Einer der Männer auf dem Hallauer Berg ist Christian Heydecker, der Präsident der Bank, der Anwalt und FDP-Kantonsrat mit den sorgfältig geschneiderten Anzügen. «Von einer Verleugnung unseres historischen Erbes kann keine Rede sein», sagt er, als wir ihn anrufen. Er führt aus, es habe sich einfach die einmalige Gelegenheit ergeben, ein zusätzliches Stockwerk am Standort in Schaffhausen zu kaufen, womit es künftig Platz für ungefähr fünfzig Angestellte gebe. Der Rest – um die fünfzehn Mitarbeitende – bleibe in Neunkirch. Ausserdem könne man weiterhin in allen Dörfern Bargeld abheben, und die Bank fördere nach wie vor gemeinnütziges Engagement, Vereine, Turnfeste et cetera, was Heydecker insgesamt als «sehr starkes Zeichen für den Klettgau und das Randental» bezeichnet.
«Aber das Land hat Ihre Bank gross gemacht, und jetzt ziehen Sie fast alles in die Stadt ab: Verstehen Sie, dass sich viele Leute vernachlässigt fühlen?»
«Das Gefühl ist berechtigt, und wir nehmen die Rückmeldungen ernst», sagt Heydecker. «Dieses Problem muss aber die Politik lösen. Wir müssen für das langfristige Gedeihen unseres Unternehmens sorgen. Sollte es ein Casus Belli sein –»

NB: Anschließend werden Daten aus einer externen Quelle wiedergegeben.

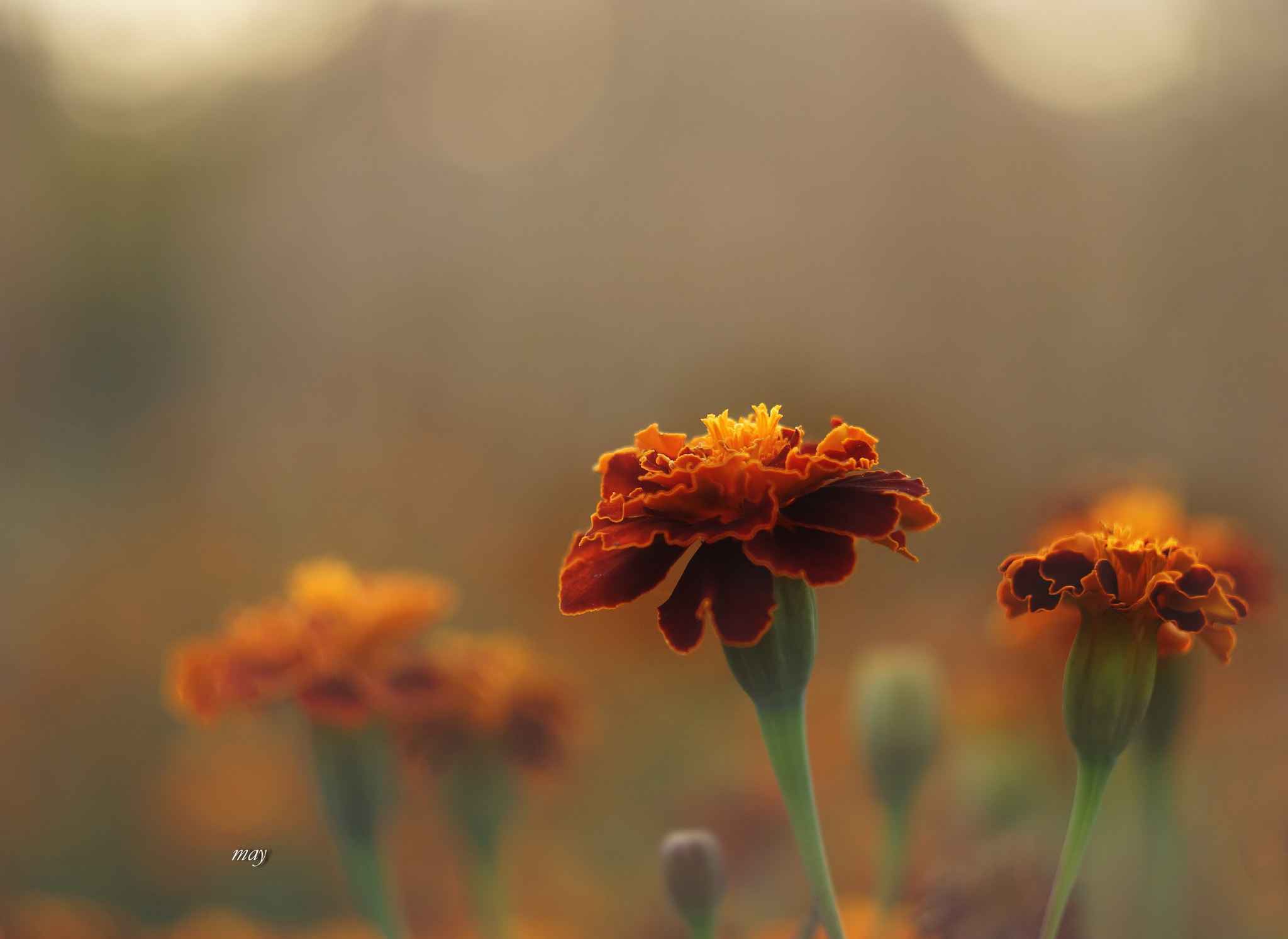 Sony SLT-A65 (SLT-A65V) sample photo. Marigold.. photography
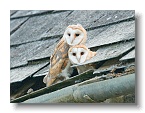 Barn Owls_ANL_7054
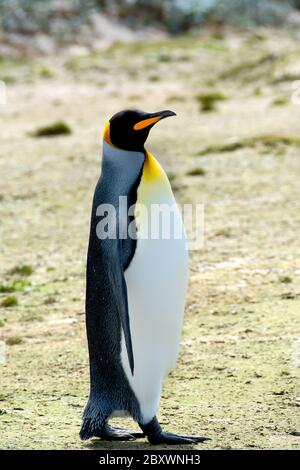 Un pingüino rey en Volunteer Point, Islas Malvinas.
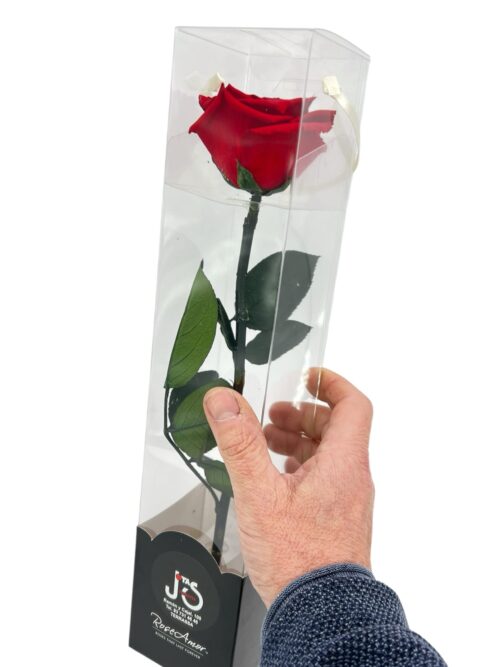 Rosa Preservada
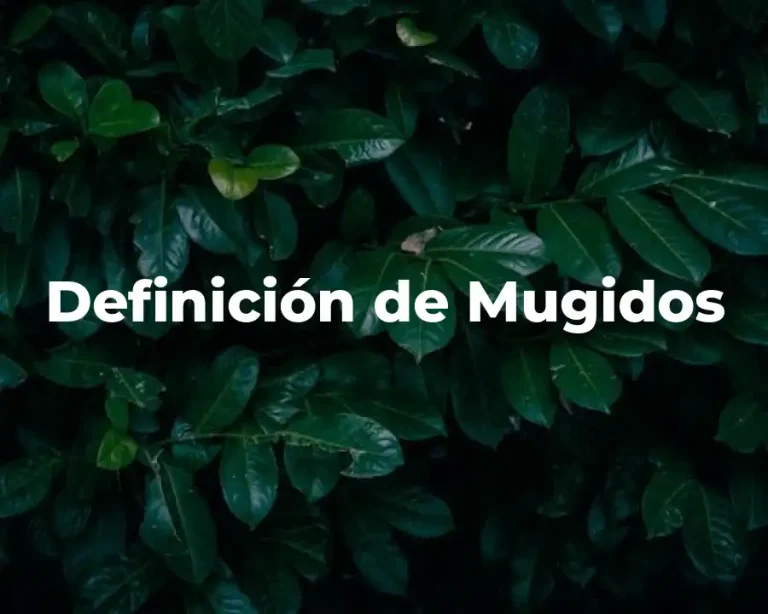 Definición de Mugidos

«Etwas, das einen Krieg auslöst?», fragen wir und stellen uns bis an die Zähne bewaffnete Hallauer vor, die vor Heydeckers Büro aufkreuzen.
«– ein Casus Belli, dass man am Bankomat in Hallau kein Geld mehr einzahlen kann, dann schauen wir das an. Nur entstand der Eindruck, in Hallau sei Matthäi am Letzten, der Untergang des lokalen Gewerbes stehe bevor. Das ist nicht so. Ich habe nachgeschaut: Von mir zuhause in Herblingen dauert es mit dem Auto länger zur nächsten Clientis-Filiale als von Hallau nach Neunkirch.»
Die grosse Klappe
Im Restaurant «La Calabrisella» in Hallau haben die Pizzen ungefähr den Durchmesser eines Autorads. «Auf dem Land hat man Hunger», sagt Orlando Pisano, der Wirt. Als er später den Espresso auftischt, kommt er auf das Ende der Clientisbank in Hallau zu sprechen. «Man sollte Rücksicht auf die älteren Leute nehmen», sagt er. «Es ist eine Katastrophe, was soll die ältere Dame machen, die Geld einzahlen muss?»
«Schau mal», sagt ein Unternehmer, der schon mit dem Verdauen seiner Pizza beschäftigt ist, «dank uns macht die Bank grosse Gewinne, aber überall baut sie ihren Service ab.» Er verrät uns zwar seinen Namen, aber nur unter der Bedingung, dass wir ihn nicht in die Zeitung schreiben. Er habe keine Lust auf Scherereien, der frühere Gemeindepräsident sei Metzger gewesen, und wenn er einen unbeliebten Entscheid gefällt habe, habe er am nächsten Tag weniger Cervelats verkauft.
«Als die Raiffeisen weggezogen ist, rissen sie eine riesige Fresse», fährt der Unternehmer fort. Im Rahmen einer Werbekampagne schrieb die BS Bank im Herbst 2020 Sätze wie «Ihr Konto zieht um – wir nicht!» oder «Wir zügeln Ihr Konto», dazu der Satz: «Liebe Hallauer, wir sind weiterhin gerne für Sie da und helfen Ihnen, Ihr Konto zur Bank vor Ort zu zügeln.» Der Unternehmer bläst Luft durch seine Nasenflügel.